- Contando con este que tienen frente a sus ojos, se han hecho mil y un presuntos análisis más o menos sesudos de lo ocurrido en la primera vuelta de las presidenciales francesas. Ya decía Mel Gibson en la primera entrega de Arma Letal que las opiniones son como los culos: todo el mundo tiene una. Y algunas, bien lisérgicas, como la de los no pocos que sostienen que, a la vista de los datos, el verdadero ganador es el izquierdista imperecedero Jean-Luc Mélenchon porque ha obtenido casi un 22% de respaldo "sin apoyo de los poderes fácticos". No le quitaré yo mérito al locuaz (tirando a demagogo) tribuno, pero lo cierto es que ha quedado tercero. Sí, reduciendo a cenizas al PSF, pero tercero. Y solo pasan dos a la ronda definitiva, de los cuales el que ha de ser receptor del voto progresista para evitar males mayores es el actual inquilino del Elíseo, un tipo que no parece que vaya a subvertir el orden establecido. Vamos, hasta ahora no se ha distinguido por ello.

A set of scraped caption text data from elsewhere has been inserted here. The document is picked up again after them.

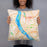 Person holding 18x18 Custom Harrisburg Pennsylvania Map Throw Pillow in Watercolor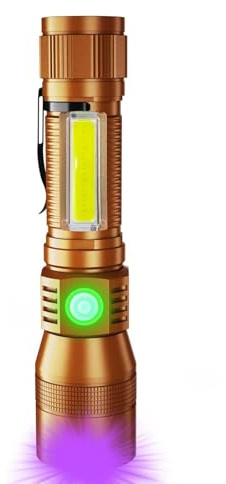 Karrong UV Taschenlampe LED 395nm Magnet USB Aufladbar, COB Seitenlicht Rotlicht, Wasserdicht Ultraviolette Lampe Schwarzlicht für Outdoor Camping Wandern Notfall Haustiere Urin Detektor,1 Stück Braun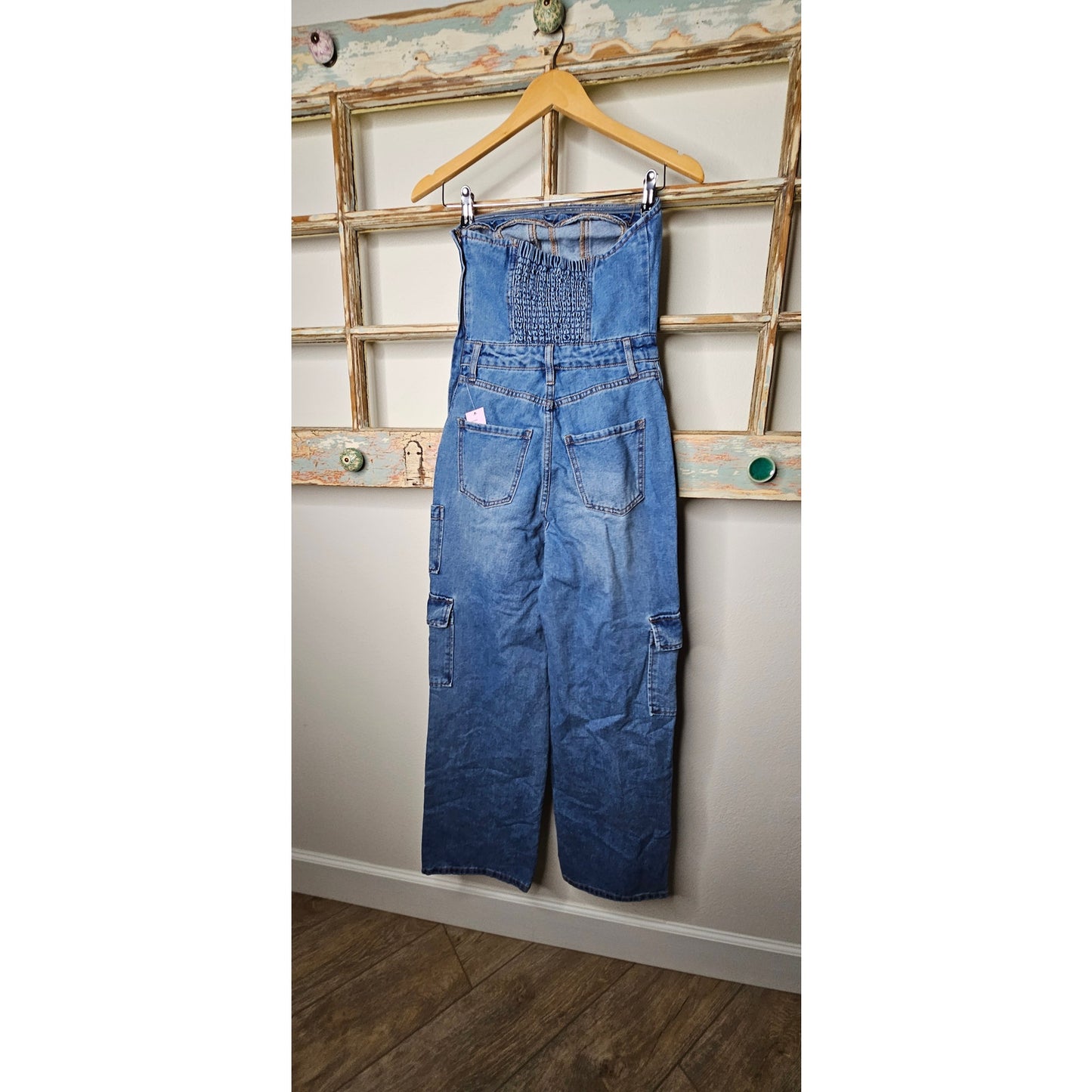 NWT Denim Strapless Bustier Jumper Cargo Style Pants Size XXS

- Téngase eso en cuenta antes de buscar consuelos de pitiminí. Porque si miramos los números globales, y por más que a la llamada derecha tradicional o republicana le haya ido de culo, lo cierto es que la debacle de la izquierda ha sido aún mayor. Mucho más si se desciende al dato demoledor que revelan todos los estudios sobre la procedencia de los votos de cada formación. Resulta que la formación que recibe más voto de obreros sin cualificar o asalariados de la escala baja es la Reagrupación Nacional de Marine Le Pen. Con una diferencia sustancial sobre Mélenchon, que (y esto es significativo, pero no desconocido) tiene un gran respaldo entre las personas con bolsillos más holgados. En resumen, la requetedescalificada extrema derecha es la primera opción para la clase trabajadora francesa. Si miramos franjas de edad, también lo es, por cierto, para la generación troncal, la de los que tienen entre 35 y 59 años.

- Ya digo que no es un fenómeno nuevo. Se ha ido viendo desde la irrupción del primer Frente Nacional, el de Le Pen padre, y se ha consolidado como realidad cada vez más irreversible. Pero las formaciones autotituladas progresistas no han hecho el menor esfuerzo por comprender los motivos que llevaban a su supuesto electorado natural a echarse en brazos del populismo ultradiestro. Su receta ha consistido en el insulto más grosero acompañado del estúpido y altivo abandono de los problemas reales que acucian a los penúltimos de la fila, que en muchos casos ya son los últimos. ¿Habrá reflexión esta vez? Apuesto a que no.